» Task input:
#####
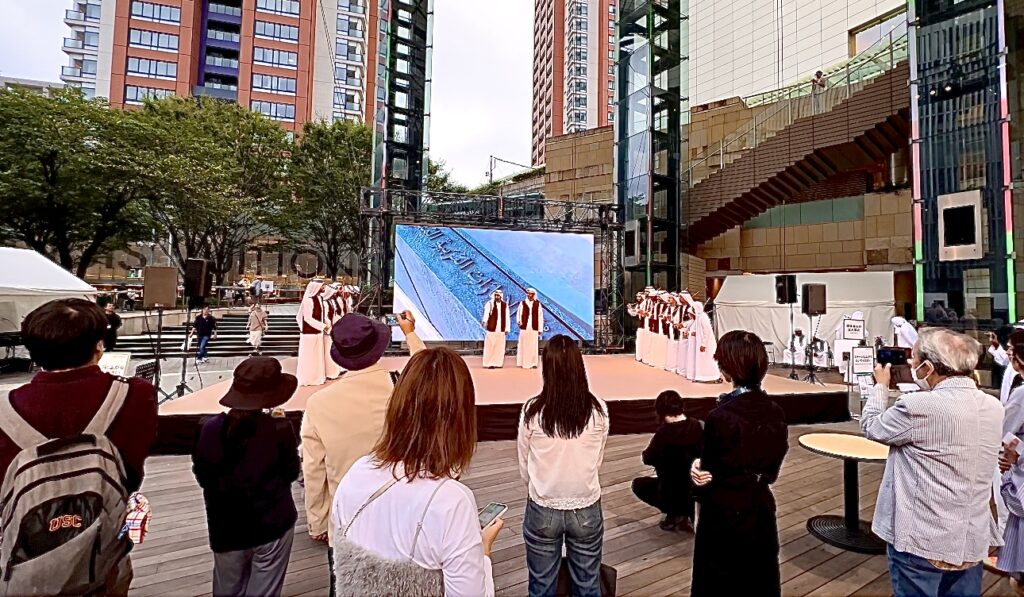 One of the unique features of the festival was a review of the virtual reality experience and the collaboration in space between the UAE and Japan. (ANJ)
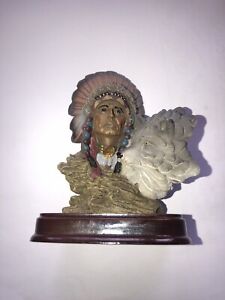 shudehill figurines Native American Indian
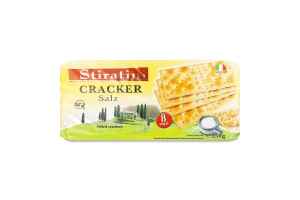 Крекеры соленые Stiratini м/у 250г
#####
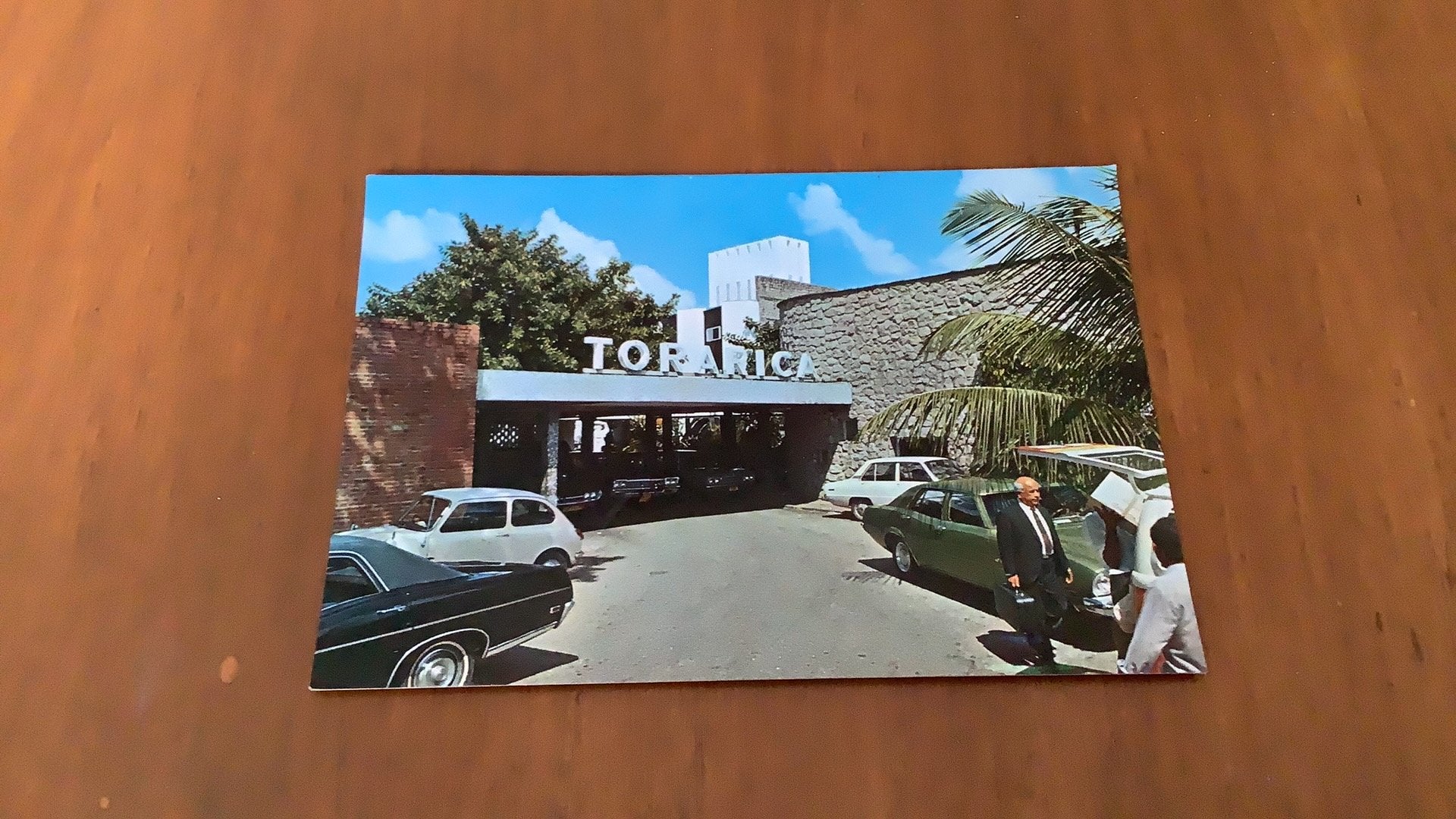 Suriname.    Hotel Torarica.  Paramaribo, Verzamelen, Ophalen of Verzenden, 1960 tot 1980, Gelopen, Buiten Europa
#####
Would you write out exactly the lines above, starting at the line containing "One of the unique" and stopping after the line containing "Крекеры соленые Stiratini м/у 250г"? Omit the pictures.

 One of the unique features of the festival was a review of the virtual reality experience and the collaboration in space between the UAE and Japan. (ANJ)
 shudehill figurines Native American Indian
 Крекеры соленые Stiratini м/у 250г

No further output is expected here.